### The data
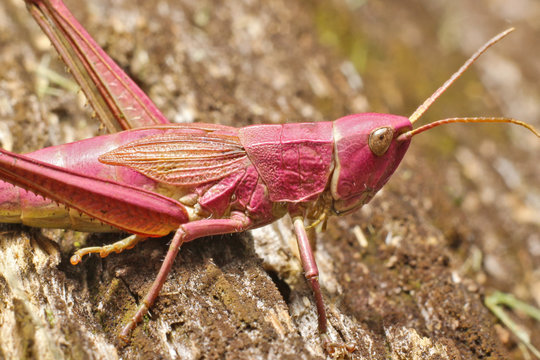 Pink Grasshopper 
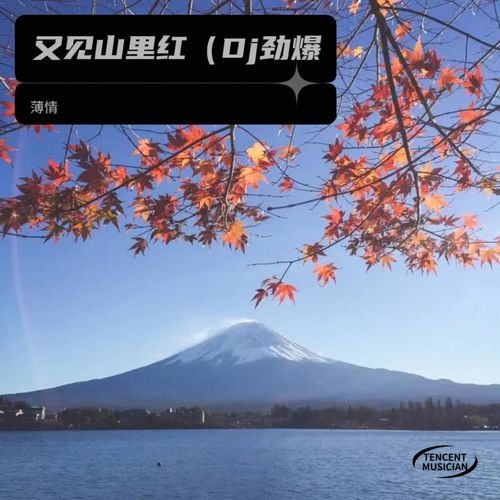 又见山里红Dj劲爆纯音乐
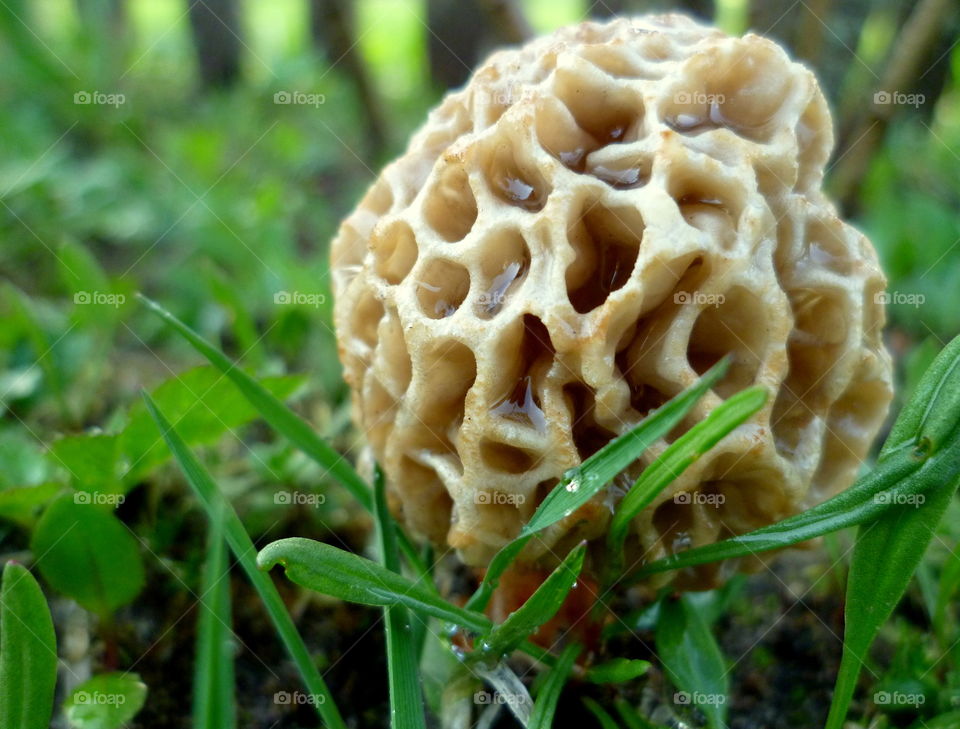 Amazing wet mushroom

### Directions for this task
Give the data again exactly as written, with all pictures left out.

### Solution to the problem
 Pink Grasshopper 
 又见山里红Dj劲爆纯音乐
 Amazing wet mushroom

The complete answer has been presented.